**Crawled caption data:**
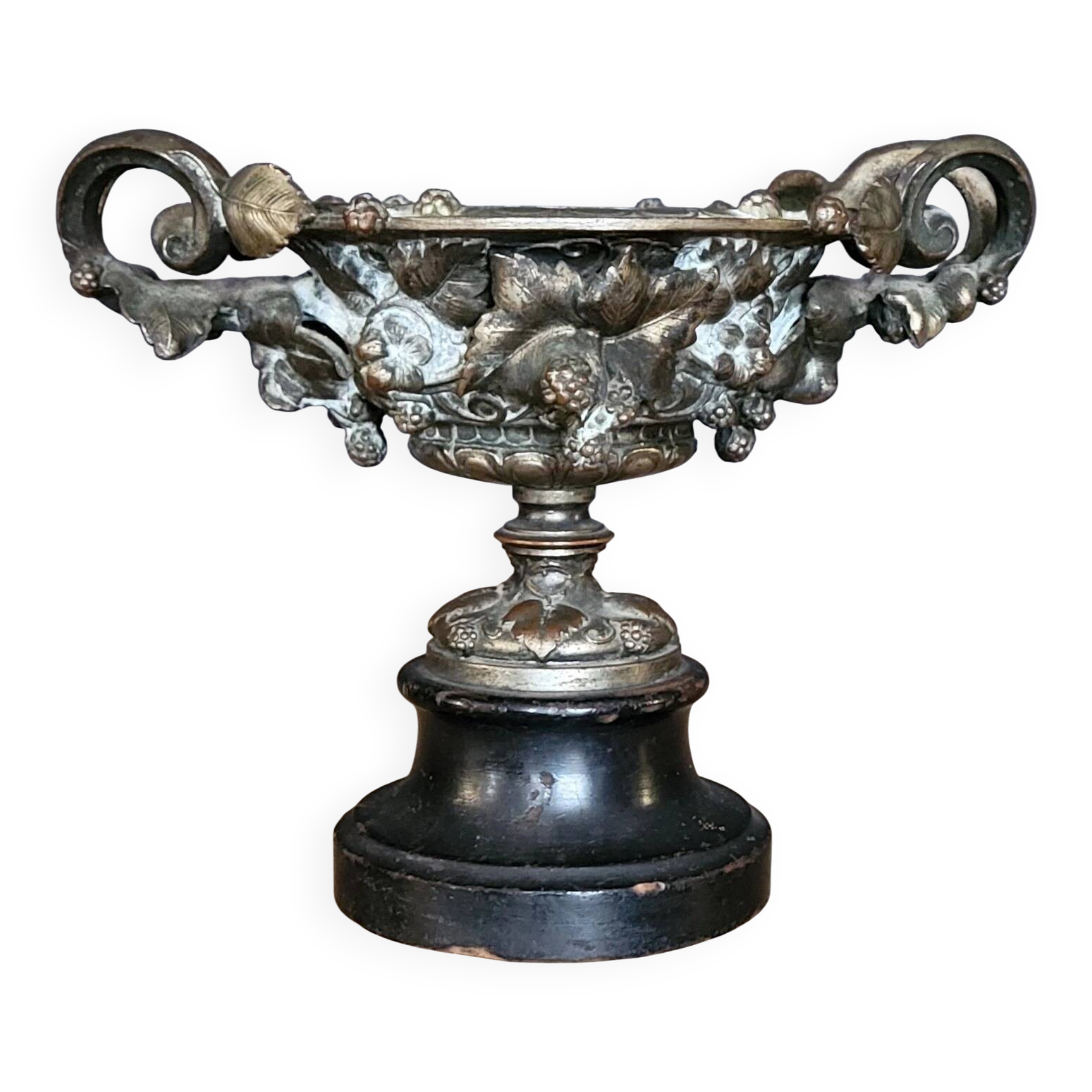 Patinated bronze cup, richly decorated with foliage and bunches of grapes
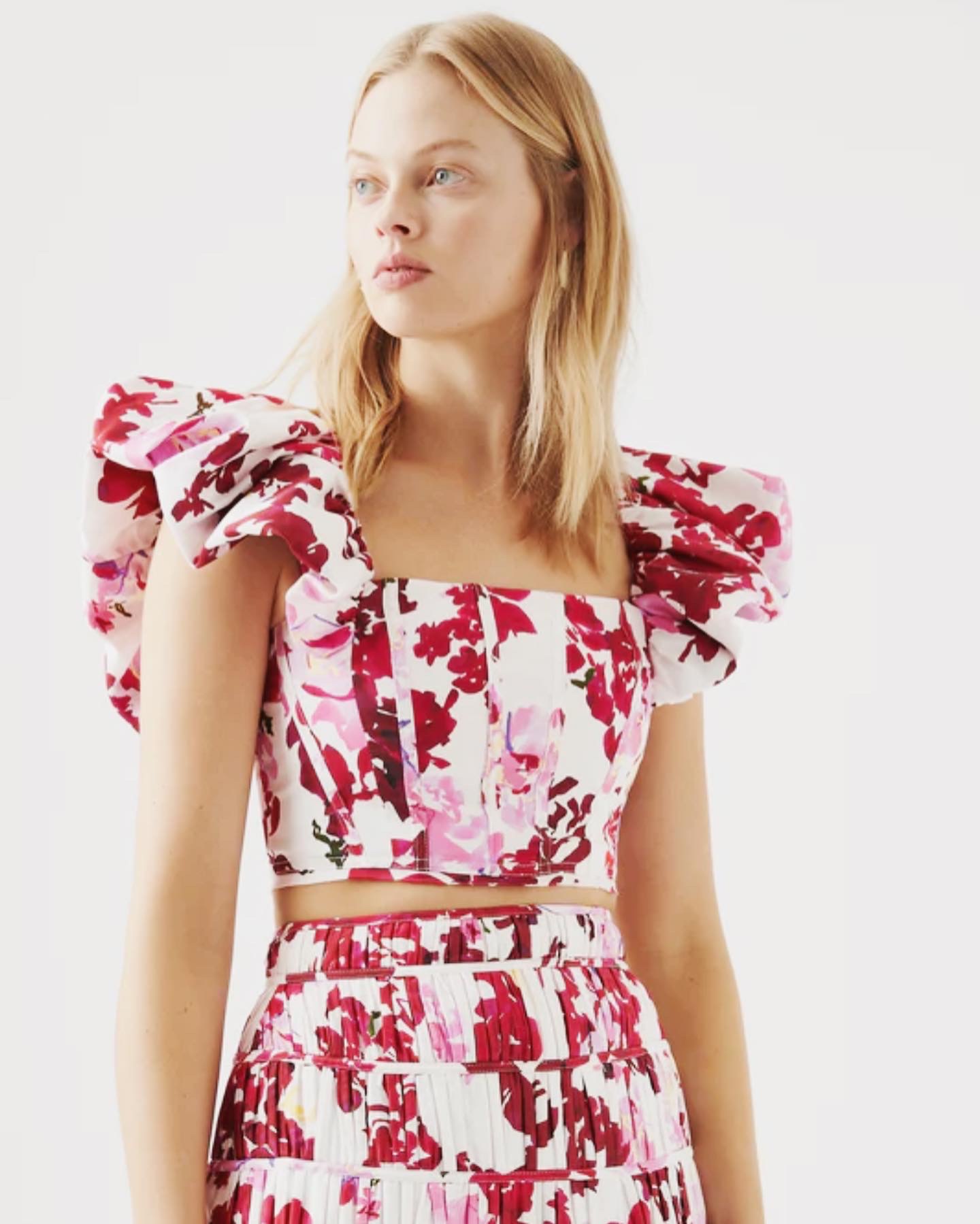 Aje Margot Bubble Sleeve Top. Pink floral crop top with frill sleeves.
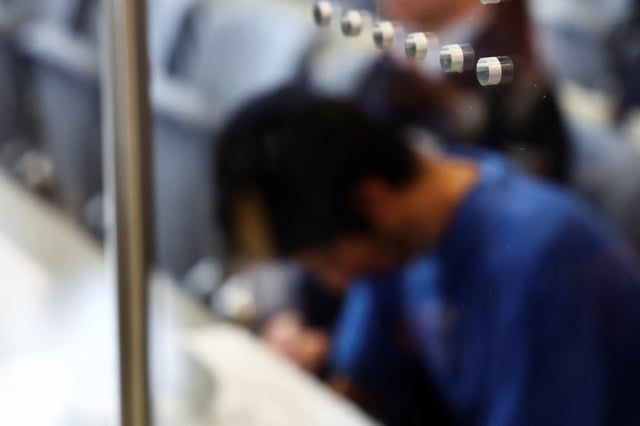 Issa al H., a Syrian national suspected of stabbing to death three people at a festival in the German city of Solingen in 2024, sits at the beginning of his trial in Duesseldorf, Germany, May 27, 2025. REUTERS/Leon Kuegeler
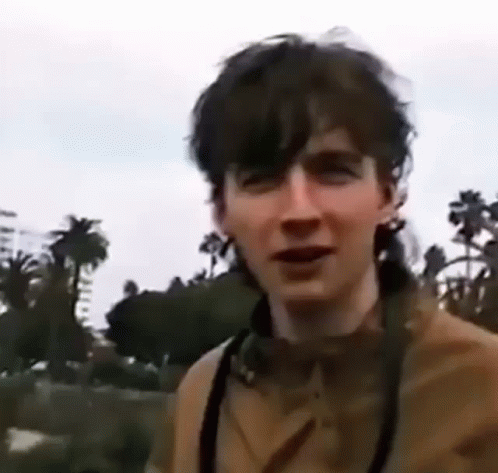 A Young Man Wearing Headphones And A Camera Is Standing In Front Of Palm Trees . GIF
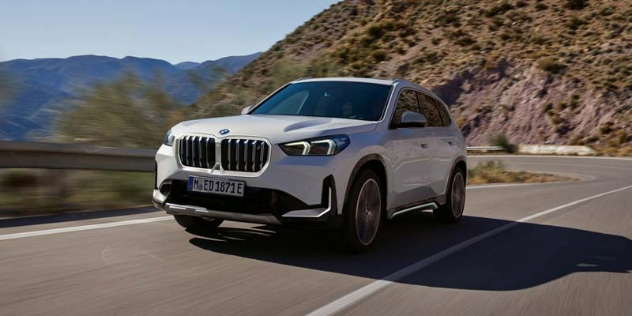 Front-angle view of a BMW iX1 e-Drive driving up a steep and windy road.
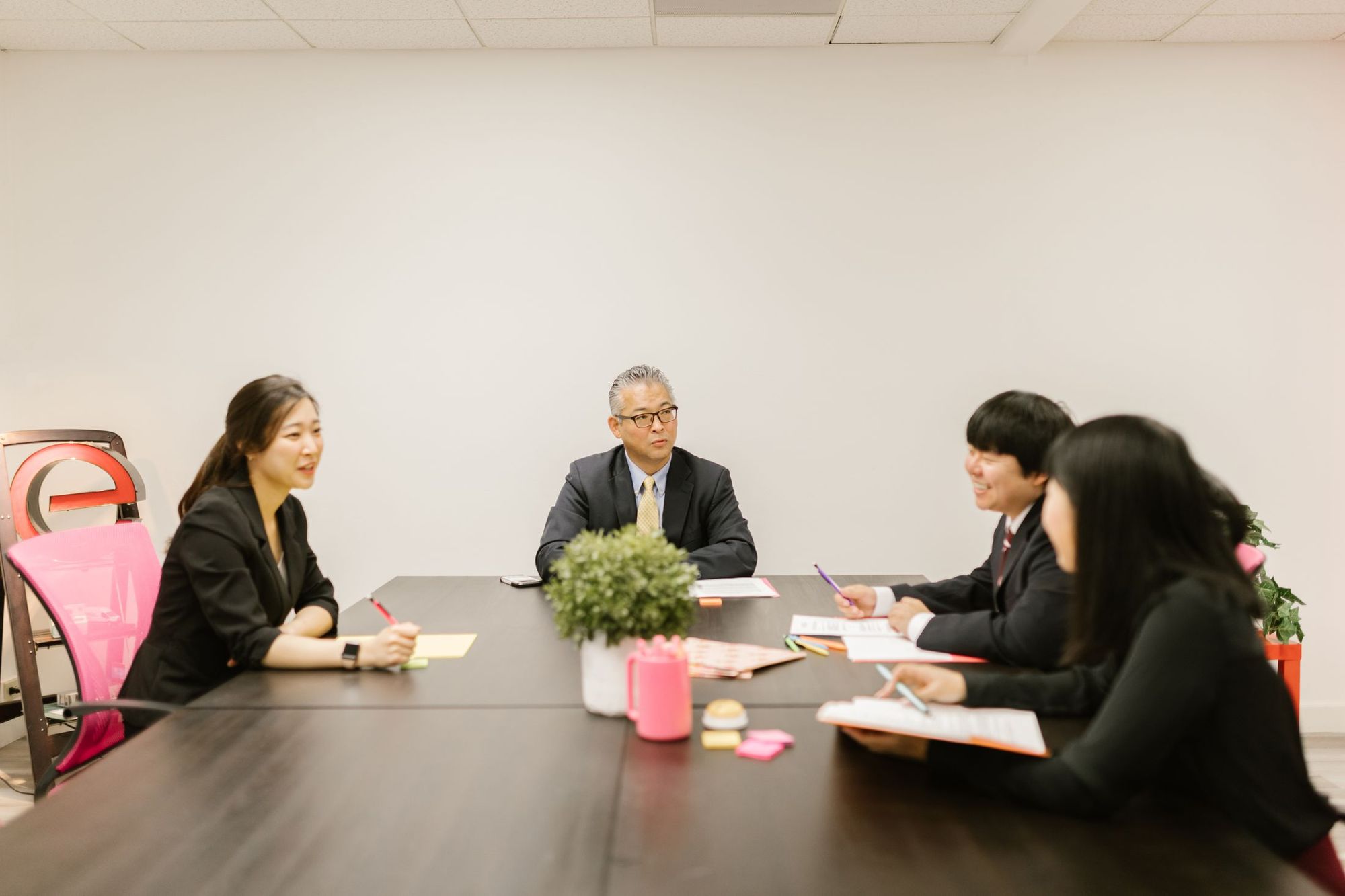 会議室のテーブルを囲んで話し合う人たち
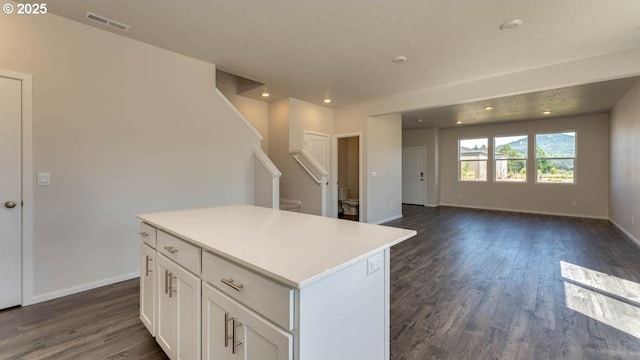 2873 V St, Springfield, OR 97477 - kitchen featuring dark wood-style floors, a kitchen island, white cabinetry, light countertops, and recessed lighting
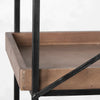 Close-up shot focusing on the recessed tray design of the rustic wood shelves and secure mounting to the black metal uprights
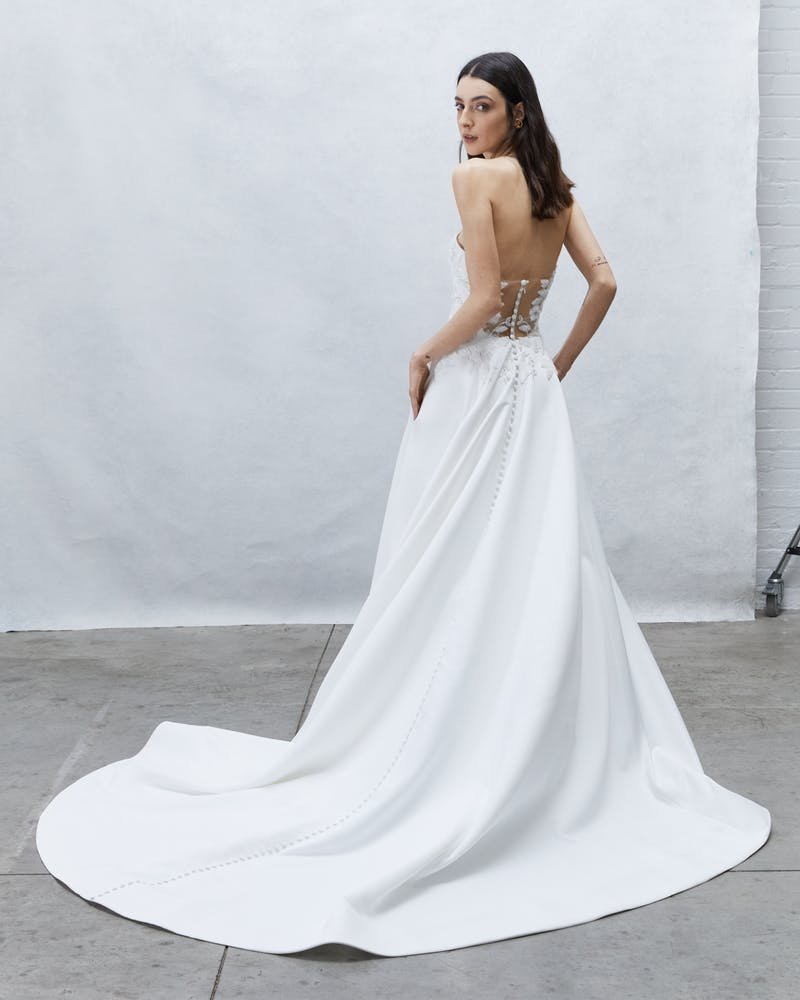 woman wearing Alyne Adeline satin ball gown wedding dress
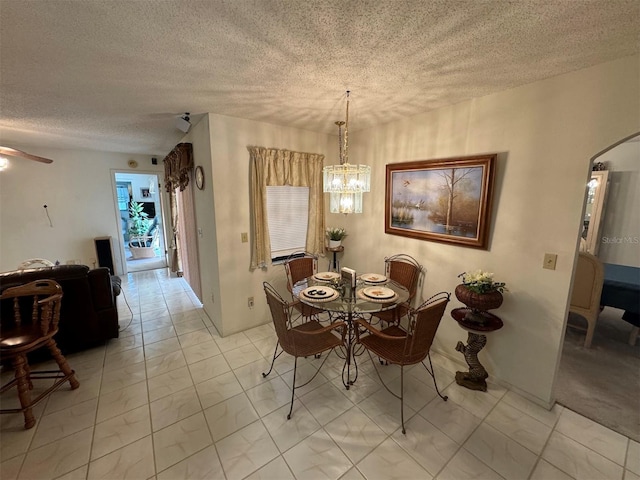 dining area featuring ceiling fan with notable chandelier and a textured ceiling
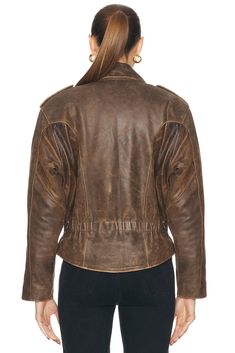 Self: 100% sheep leather, Lining: 100% polyester.  Made in India.  Professional leather cleaning only.  Exposed front zipper closure.  Belt buckle at waist.  Zipper closure at cuffs.  Genuine leather.  .  .  .  .  .  .  .  .  . Rugged Leather Jacket With Zipper Closure, Classic Leather Jacket With Belt Loops, Retro Leather Outerwear With Zipper Closure, Rugged Long Sleeve Biker Jacket, Vintage Leather Outerwear With Zipper Closure, Fall Leather Biker Jacket With Belt Loops, Retro Winter Biker Jacket With Zipper Closure, Retro Leather Biker Jacket With Zipper Closure, Vintage Biker Jacket With Zip Fly For Fall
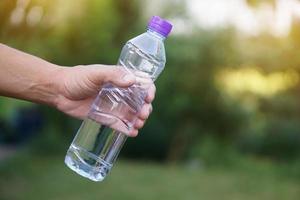 la main en gros plan tient une bouteille d'eau potable avec un capuchon violet. concept boire de l'eau pour la santé, rafraîchir le corps, soulager la soif. photo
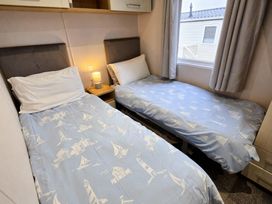 A bedroom with two single beds and a bedside table at Thornwick Bay Holiday Village - Holiday Accommodation 20633, Flamborough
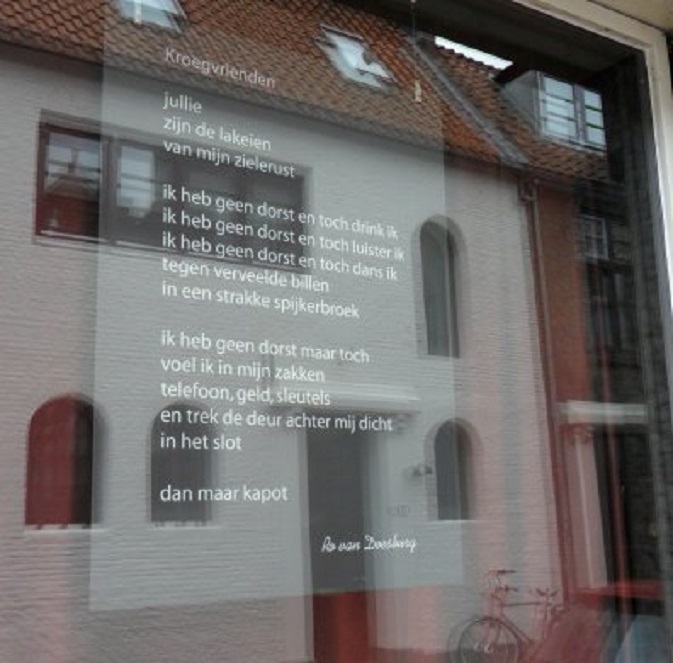 Het gedicht 'Kroegvrienden' van Ro van Doesburg op de ruit van Café De Keizer.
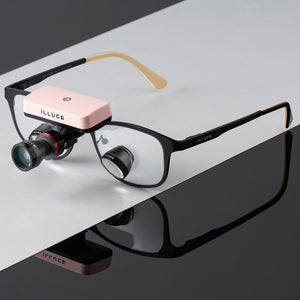 Pink wireless headlight on loupes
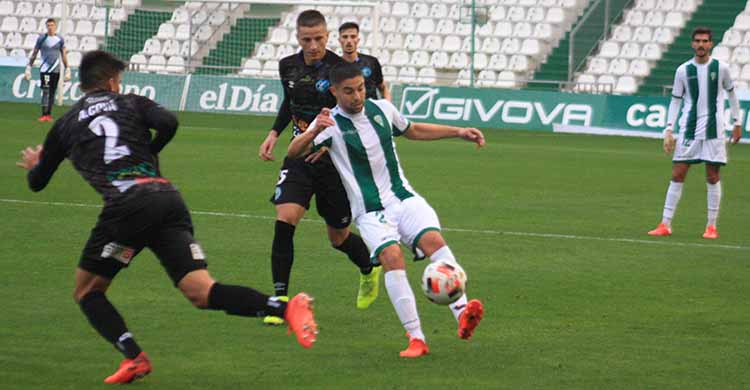 Jesús Álvaro pasa el balón entre dos jugadores de El Ejido.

**Work request:**
The answer must consist solely of the lines from the first line of the data through the line containing "Aje Margot Bubble", inclusive, reproduced exactly and without pictures.

**Solution below:**
 Patinated bronze cup, richly decorated with foliage and bunches of grapes
 Aje Margot Bubble Sleeve Top. Pink floral crop top with frill sleeves.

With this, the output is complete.